Can't go wrong with nail polish remover - 100% acetone.


----------



## bobo (Oct 31, 2017)

yeah, looks great - good colours 
What are those round buttons between the roote ?? - M&Ms ??
- and .... from where do you get those coloured glass ??
More qustions: first you painted, right ?? - then you try to match with glass ?? - or ??


----------



## Firemajic (Nov 26, 2017)

PiP, this is stunning! It looks like a stained glass picture.... the glass supply place where I buy my glass rods { ABR Imagery} sells small sheets 4x8 inches or 12x12 inches of the most gorgeous glass ...  but I love your idea of finding the glass yourself, it is like a treasure hunt... I hope you show more pics as you go...


----------



## TKent (Nov 27, 2017)

WOW!!!  This is gorgeous. I adore the style and the colors. Superbilicious.



PiP said:


> This is my latest mosaic project.
> 
> I am creating a mosaic picture from 100's of pieces of cut glass which I cut randomly then try and place on the picture. Progress is extremely slow as I am trying to create movement and colour. It's like a giant jigsaw puzzle where you create your own puzzle pieces. The biggest challenge for me is colour as I need to work with what I ahve rather than what I would like.
> 
> ...


----------



## PiP (Nov 27, 2017)

Thanks, TK. I am nearly finished the tree... i find mosaics soooo relaxing.


----------



## TKent (Nov 27, 2017)

Will it end up being a wall hanging or something else? It truly is gorgeous. I'd love to see this when you are done.


----------



## TKent (Nov 27, 2017)

And what are the little round pieces in the roots? Is that part of the glass? It is so interesting.


----------



## PiP (Nov 28, 2017)

TKent said:


> Will it end up being a wall hanging or something else? It truly is gorgeous. I'd love to see this when you are done.



Yes, it will end up as a wall hanging. 




TKent said:


> And what are the little round pieces in the roots? Is that part of the glass? It is so interesting.



The little round pieces at the bottom of the picture are pins. These hold the glass in place over the picture template underneath.


----------



## PiP (Dec 7, 2017)

I am getting there slowly. I've moved tiles around for weeks trying to decide how to mosaic the sun and sky... I am not 100% sure about what I've done but the teacher liked it.


----------



## PiP (Dec 16, 2017)

I've now started cutting the leaves. Each one takes about ten minutes to cut using glass nippers. It's fiddly but relaxing at the same time.

At the moment I've laid them on the picture to see the effect. I am experimenting with various torquise greens and contrasting with orange and purples. I've still got to cut some fine branches.
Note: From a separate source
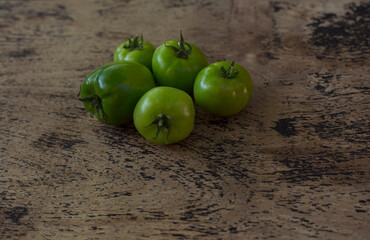 Green unripe tomatoes. Top view.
I will let it rest now for a day or so in case inspiration takes me down another path.


----------



## TKent (Dec 22, 2017)

Looking fantastic!


----------



## PiP (Feb 8, 2018)

PiP said:


> I've now started cutting the leaves. Each one takes about ten minutes to cut using glass nippers. It's fiddly but relaxing at the same time.
> 
> At the moment I've laid them on the picture to see the effect. I am experimenting with various torquise greens and contrasting with orange and purples. I've still got to cut some fine branches.
> 
> ...



After a lot of procrastination I spent hours removing all the glass tiles that were meant to represent the sun and sky. The picture had become far to 'busy' for my taste so I stripped it right back to the plain glass. The colour you can see underneath is the original paper pattern guide. 



I was going to use large glass panels for the sky but now I am leaning towards painting the sky. 

I am renaming this tree: Tree of Patience.

When the picture is eventually finished I am going to mount on a natural wood base.


----------